European Union/Germany/France: Bodies like the German BSI and French ANSSI recommend NIST algorithms but also endorse alternatives (e.g., FrodoKEM, Classic McEliece) for diversification and actively recommend hybrid schemes during the transition, reflecting a more flexible or open policy than the US long-term goal. This is partially due to the fact that their own governments have their own departments working on cryptography standards.
China and South Korea: Both nations have pursued developing and standardising their own national PQC algorithms separate from the NIST process (e.g., South Korea's HAETAE and China's domestic candidates), reflecting a priority for digital sovereignty and national control over cryptographic assurance. There is no further information provided on these schemes.
Key SPeaker: Prof Jonathan Katz
The overall transition to PQC presents significant operational and financial challenges:Resource and Cost Overheads: The shift, particularly to lattice-based cryptography, demands an estimated 30x increase in length for some applications.
Data Footprint: PQC schemes generally involve significantly longer cryptographic keys and signatures, impacting data storage and transmission protocols , see table below:
Hurdles include updating codebases, ensuring backwards compatibility, and navigating the issue of multiple global standards to enforce a consistent security baseline. The risk of backwards-forcing attacks against PQC schemes is a strong motivator for a coordinated, enforced standard.
Other problems are things like Certificate Authorities need to be able to understand both PQC and non-PQC certificates, so will need to be standardised earlier than the use of the certificates in question. And then they will also need to be responsible for any secure down-grade which may be required by one of the communicating parties, if they are not advanced enough to accept PQC keys.
| Protocol Stack |
Key Agreement (KA) (Bytes) |
Authenticating the Server (AS) (Bytes) |
Total Communication Cost (Bytes) |
|---|---|---|---|
| TLS |
2272 |
9884 |
12156 |
| AuthKEM |
2272 |
8424 |
10696 |
| TLS + CT |
2272 |
14724 |
16996 |
| AuthKEM + CT |
2272 |
13264 |
15536 |
| TLS + MTC |
2272 |
4468 |
6740 |
| AuthKEM + MTC |
2272 |
3008 |
5280 |
Key Speaker: Dr Danesh Jogio
The Australian government, through the Australian Signals Directorate (ASD), has signalled alignment with NIST PQC standards as the most suitable cryptographic security framework for national requirements.

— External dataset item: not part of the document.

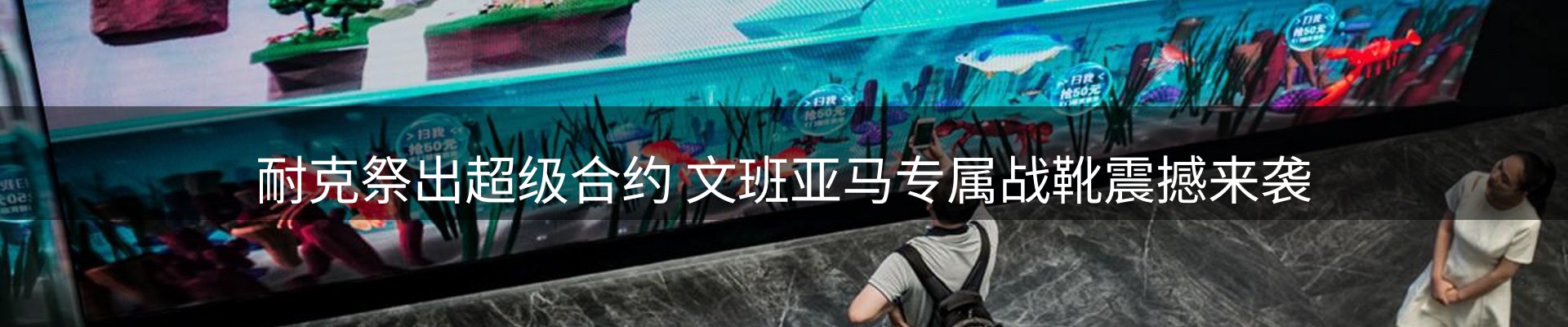 公司观察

Specifically, the ASD endorses the lattice-based ML-KEM (Module-Lattice-Based Key-Encapsulation Mechanism), due to the quantum-safety requirements, and warrants the overhead.
The government is prioritising future-proofing long-lived data systems against the "harvest now, decrypt later" threat, despite the associated operational costs and performance impact. The ASD generally encourages a pure-PQC transition by its 2030 goal, favouring the higher security level ML-KEM-1024 for long-term use, while accepting ML-KEM-768 until 2030.

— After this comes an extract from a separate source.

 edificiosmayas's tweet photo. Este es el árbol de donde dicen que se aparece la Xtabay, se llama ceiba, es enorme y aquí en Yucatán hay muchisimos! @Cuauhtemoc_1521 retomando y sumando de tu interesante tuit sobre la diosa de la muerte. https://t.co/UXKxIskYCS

The conference emphasised practical solutions and set expectations for the migration, about the use of hybrid cryptographic schemes (combining classical and PQC algorithms) is considered a sound and necessary transitional strategy to manage risk and security during the changeover period. The consensus is that 2030 represents an ambitious, possibly unachievable, deadline for a complete transition across all industries, depending on the current state of industry readiness. A phased, measured approach that prioritises critical and long-lived data systems is required. Also, there is an increasing use of Merkle tree authentication, as it noted as a valuable technique to provide an extra layer of integrity and authenticity to digital signatures.